Alien (Ridley Scott, 1979)/Aliens (James Cameron, 1986)

It seems so easy. A director/writer can prevent family melodrama and the formation of the heterosexual couple from derailing a film's excitement and it still becomes such a gargantuan hit that it sparks a successful franchise. But no, Jurassic Park and The Day After Tomorrow and War of the Worlds and San Andreas and Army of the Dead, etc. have to gunk up the goods with stifling ideology. Alien sticks to the facts which are harrowing enough; no time to discuss romance and heal parent/child divides when a slime monster is popping out of someone's stomach. Most of the deaths are hokey but some terrifying moments remain, e.g., Veronica Cartwright's reaction to the stomach popping or the alien lying down in the escape pod, a reminder that monsters are at their most disturbing when we can observe what they do when they're alone. Overall, it's a refreshingly single-minded ride.

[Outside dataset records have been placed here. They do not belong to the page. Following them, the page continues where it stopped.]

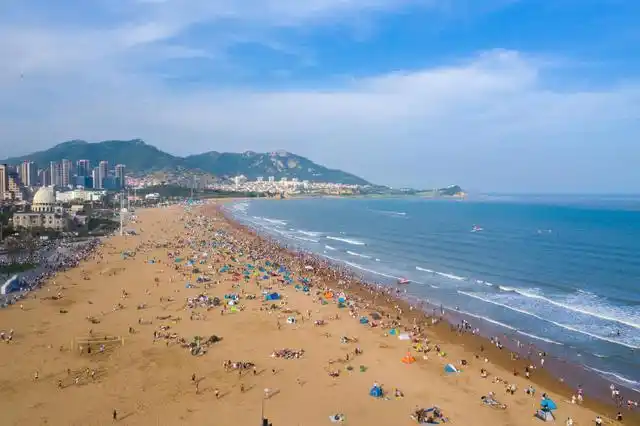 航拍青岛石老人海水浴场,天蓝蓝海蓝蓝,游客人头攒动流连忘返_网易
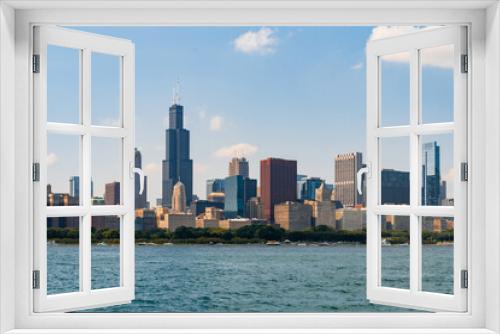 Fototapeta Naklejka Na Ścianę Okno 3D - A picturesque view of Downtown skyscrapers of Chicago skyline panorama over Lake Michigan at daytime, Chicago, Illinois, USA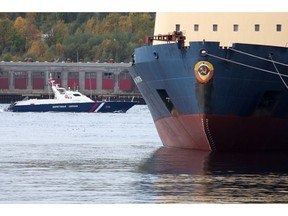 The Admiral Makarov icebreaking ship, right, operated by Fesco Transportation Group (FESCO), sits moored at the dockside at the Port of Murmansk, in Murmansk, Russia, on Saturday, Sept. 14, 2019. Crude and condensate shipments from Russia's Arctic terminals are shipped in dedicated shuttle tankers to the Russian port of Murmansk where they are trans-shipped onto larger vessels for export.
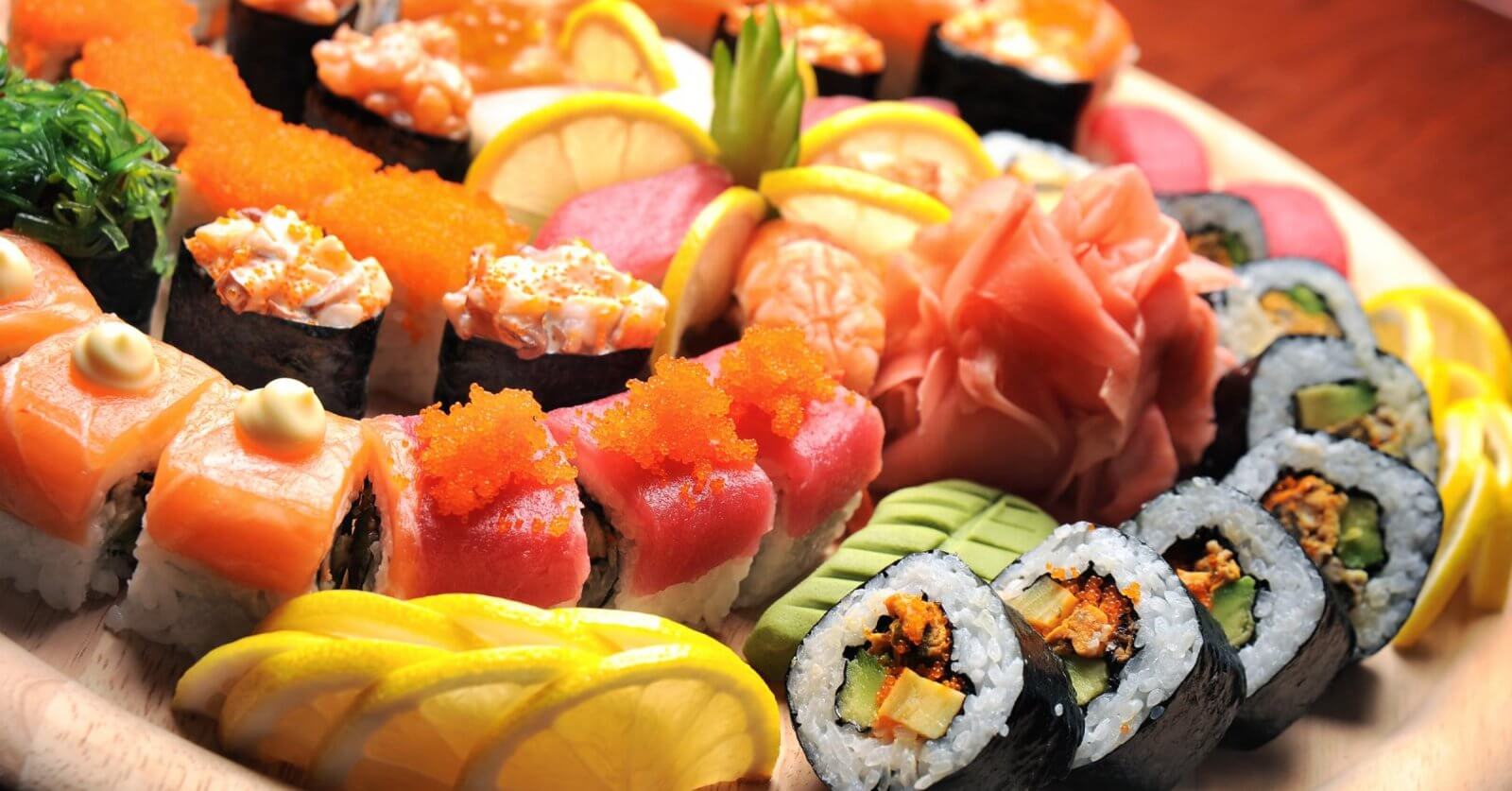 A wooden platter from sulit eats at SM Dasmariñas is filled with a variety of colorful sushi rolls and sashimi. The assortment includes rolls topped with salmon, tuna, roe, and avocado, alongside garnishes of lemon slices, pickled ginger, and wasabi. The presentation is vibrant and visually appealing.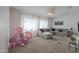 Living room with a comfortable sectional and a decorative doll house at 277 W Glacier Bay Dr, San Tan Valley, AZ 85140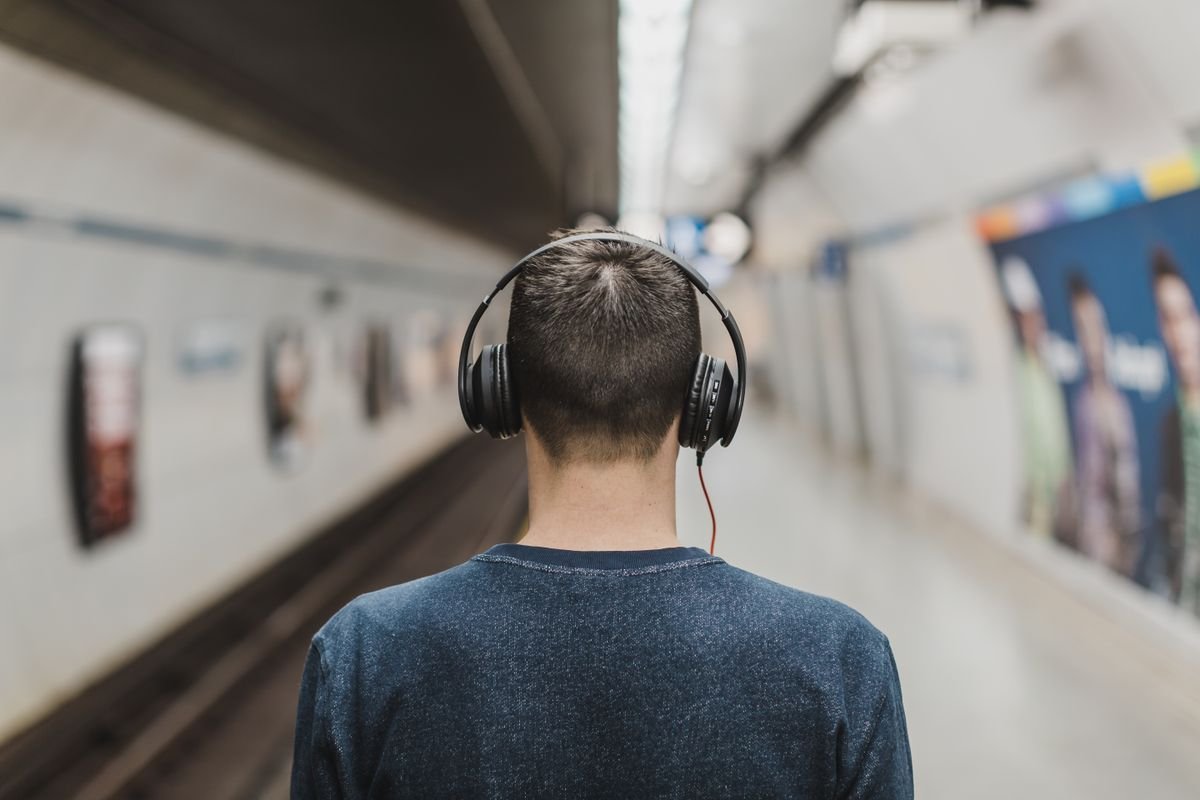Person wearing headphones listening to music, representing catching up on comebacks later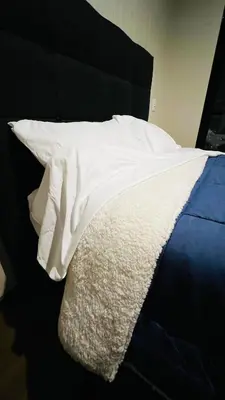 a bed with white sheets and pillows on it at Piso 25 con vista panorámica in Lima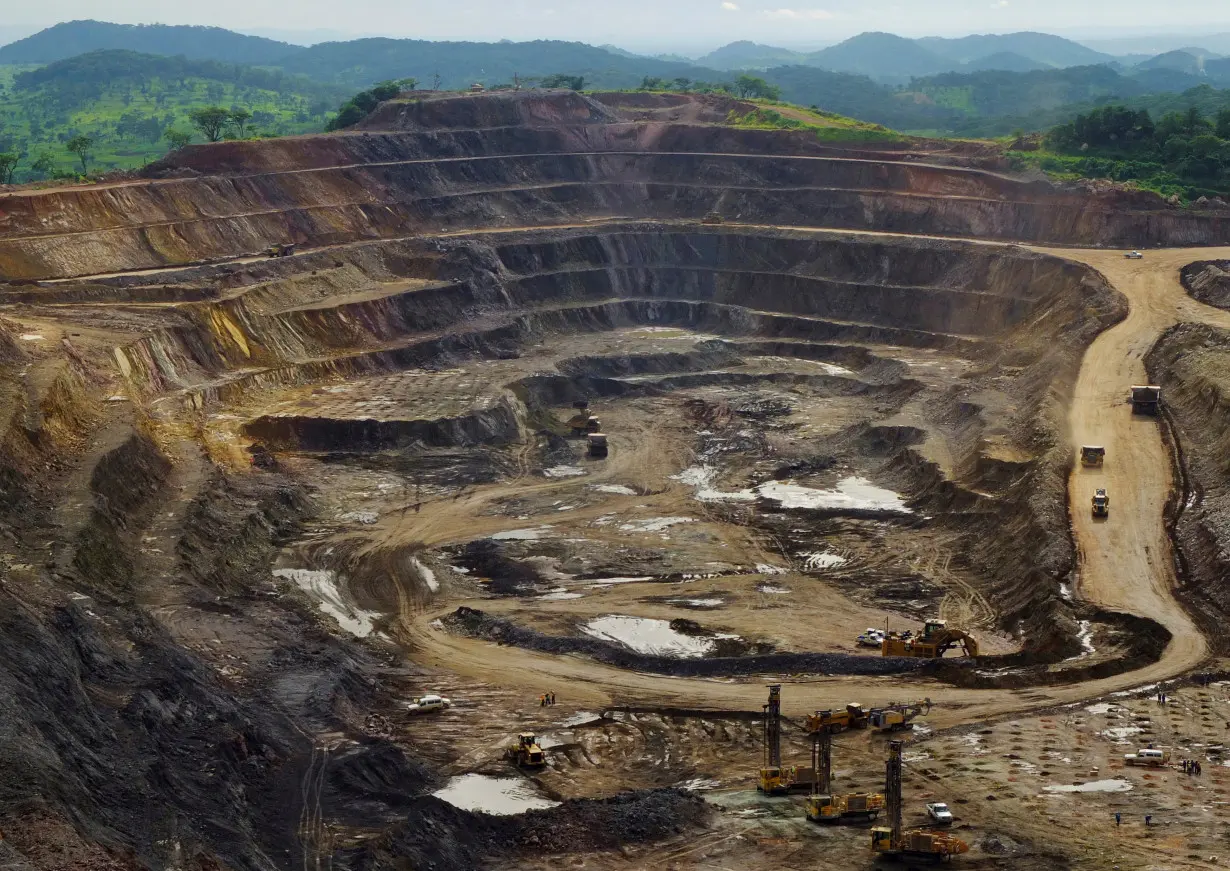 FILE PHOTO: Excavators and drillers at work in an open pit at Tenke Fungurume, a copper and cobalt mine northwest of Lubumbashi in Congo's copper-producing south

I hear that a backstory about Ripley's daughter was excised from Aliens. Smart move! The film is right at the edge of being too long in its theatrical cut. And Ripley's affection for Newt is perfectly graspable without any further psychologizing. Cameron builds tension in the first half with little action and then pummels us for the remainder, a masterclass in structuring a narrative to intensify an audience's reaction. I'm itchy about the gynephobic view of motherhood in the form of gooey alien birth which deflates the virtuous form exercised by Ripley. But here too, a rigid single-mindedness washes over every event. Neither film a masterpiece, they're both nevertheless the class of the Hollywood genre film.